シャフト

Shaft

John Singleton / Samuel L. Jackson,Vanessa Williams,Jeffrey Wright,Christian Bale,Dan Hedaya,Toni Collette / 2000

★★

くだらん

 監督のジョン・シングルトンは『ボーイズ'ン・ザ・フッド』という頭の痛くなる映画がデビュー作だった人。いわゆる『黒いジャガー』"Shaft"(1971)のシリーズのリメイク。このシリーズは60年代から70年代にかけてのアメリカのブラック・パワー・ムービーの代表作だが、正直言って面白くないです。ちなみに『夜の大捜査線』は1967年で、シドニー・ポワチエは白人に魂を売ったと言われ、一連のブラック・パワー・ムービーはそれへのアンチテーゼとして位置づけられたわけだけれども、残念ながらカウンター・カルチャーはたいがい質が低いということで。

 本作では、黒人刑事のシャフトをサミュエル・L・ジャクソンが演じているが、この90年代に、ハリウッドの大スターとしての地位を獲得しているジャクソンがシャフトを演じると、ブラック・パワーというかカウンター・カルチャーとしての意味が消失し、そこに残るのは『リーサル・ウェポン』シリーズのメル・ギブソンよりも暴力的で短絡的な、傲慢な一刑事でしかない。黒人であるというだけで意味があった時代は終わったとつくづく感じた。チョウ・ユンファが中国系の刑事を演じる『NYPD15分署』がコンテンポラリーなのである。あるいは一巡して『コップランド』とか。ちなみにオリジナルのジョン・シャフトを演じたリチャード・ラウンドトゥリーが、本作のシャフトの叔父の役で出ている。

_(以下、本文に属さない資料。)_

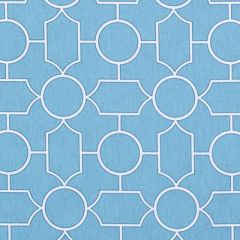 Duralee Turquoise 42471-11 Astoria Trellis Print Collection Upholstery Fabric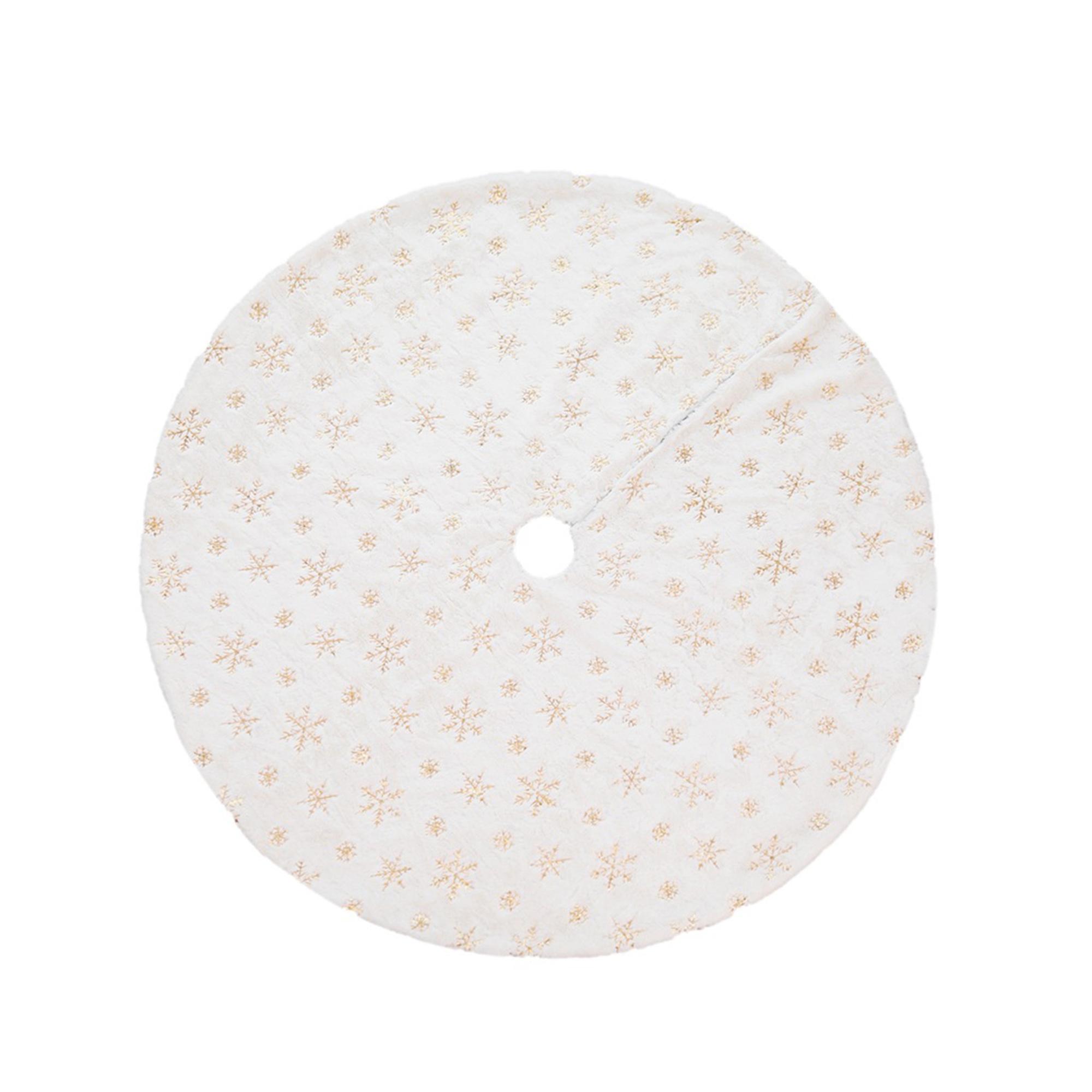 

Snowflake Christmas Tree Skirt, Large Snowy White Faux Fur Tree Skirt with Snowy Pattern for Christmas Decorations (Gold,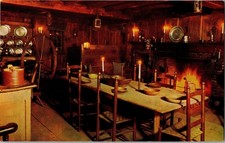 Longfellow's Wayside Inn Old Kitchen Sudbury MA Post-1955 Mike Roberts Postcard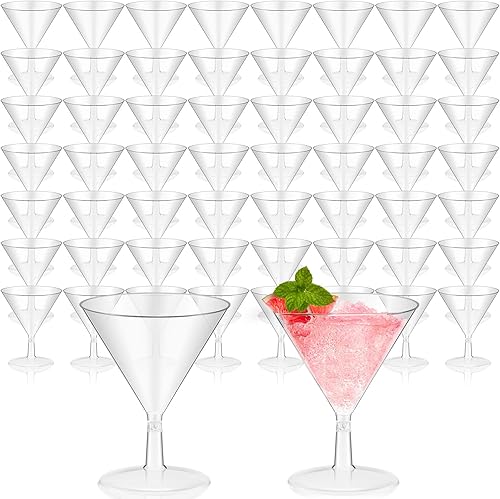 Miniatura 10 de Yinkin 12 Piezas Vasos de Martini de Plástico de 2 oz Desechables Transparentes para Cóctel Postre Parfait Vasos Irrompibles Mini Copas de Martini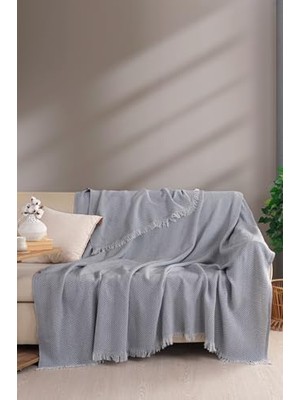 HBMB Store Organik Pamuklu Koltuk Örtüsü Desenli 200X230 cm Kanepe Çekyat Buldan Bezi Gri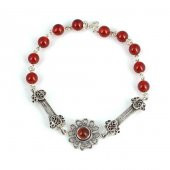 925 Ayar Gümüş Akik Taşlı Telkari Parçalı Şarnelli Bileklik - 1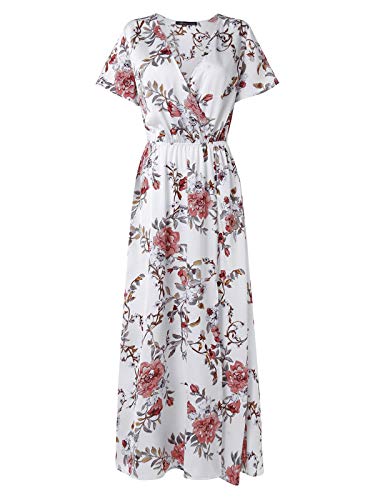 Auxo Vestido Largo Verano Mujer Estampado Floral Vestidos Bohemios Manga Corta Cuello V Vestido Playa Largo Blanco M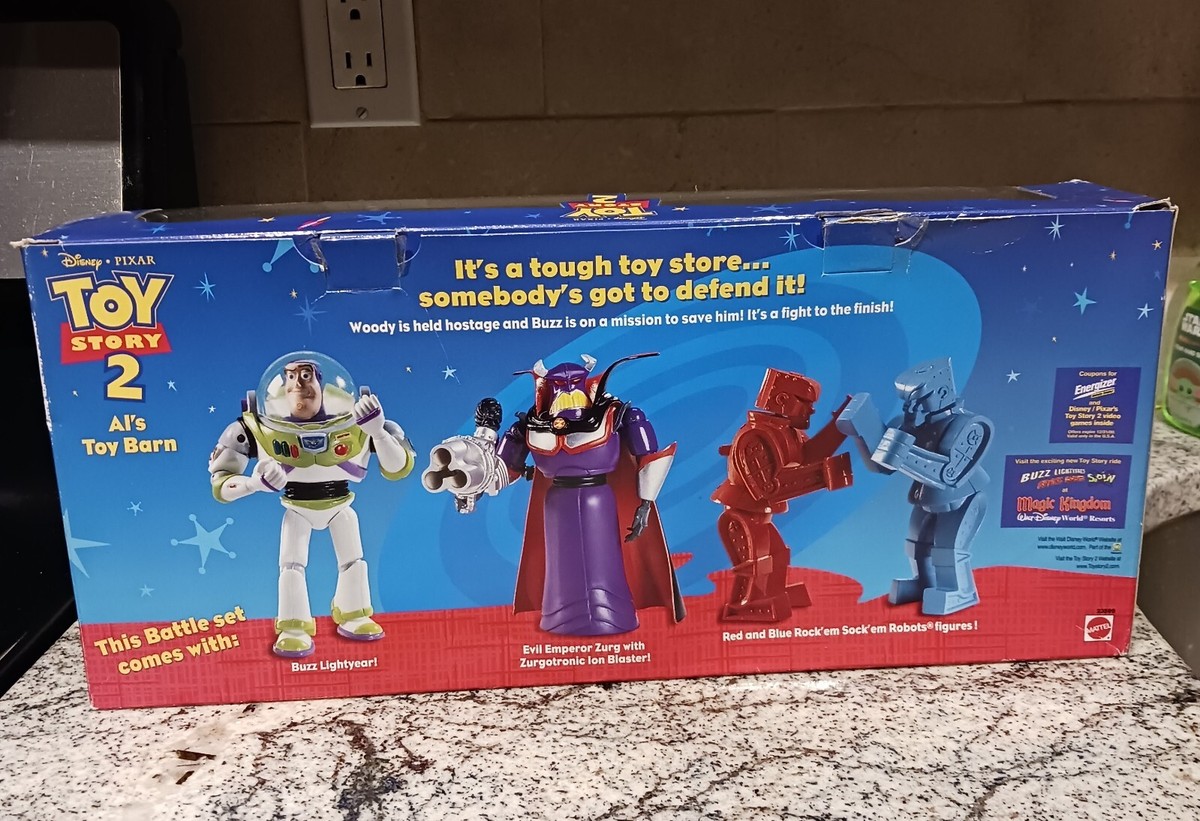 1999 TOY STORY 2 Al's Toy Barn Battle Set BUZZ Rock'em Sock
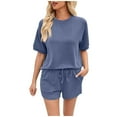 thumbnail image 2 of Mqqzkk Two Piece Sets for Women Summer Textured Short Sleeve Lounge Set Crewneck Tops Drawstring Shorts Tracksuit Outfits, 2 of 7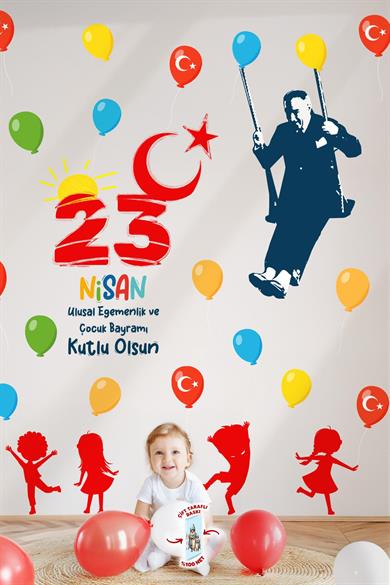 23 Nisan Temalı Bayraklı Çift Taraflı Baskılı Sticker Seti, Atatürk ve Çocuk Cam Sticker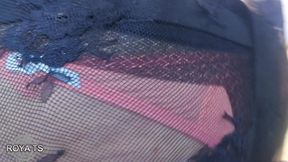 Female with Strapon Fucks Two Trans After Her Nylon Feet Being Worshipped Part 2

 ヴァネッサ・ウィリアムズがヒロインとも言いがたい中途半端な役。黒人の数合わせにしか見えない。事件を目撃するウェイトレスにトニー・コレット。あまり美しくない白人女性を持ってきた、という感じ。この映画では悪人の方がずっと魅力的である。ヒスパニックのギャングの親玉を演じるジェフリー・ライト、金持ちの悪人を演じるクリスチャン・ベイル、悪徳警官のダン・ヘダヤなどはもちろん、小粒の悪人たちまでもが生き生きとしている。つまりこの映画、主人公のサミュエル・L・ジャクソンも含めて、善玉が揃って退屈なのだ。

 見せ場が多いジェフリー・ライトは、『バスキア』でバスキアを演じ、『楽園をください』では解放奴隷を演じているアフリカ系アメリカ人である。正直言って、この映画ではヒスパニックの青年にしか見えなかった。勘違いかと思ったが、いろいろとデータを確認しても、やはり同一人物。驚愕の一言。今後要注目。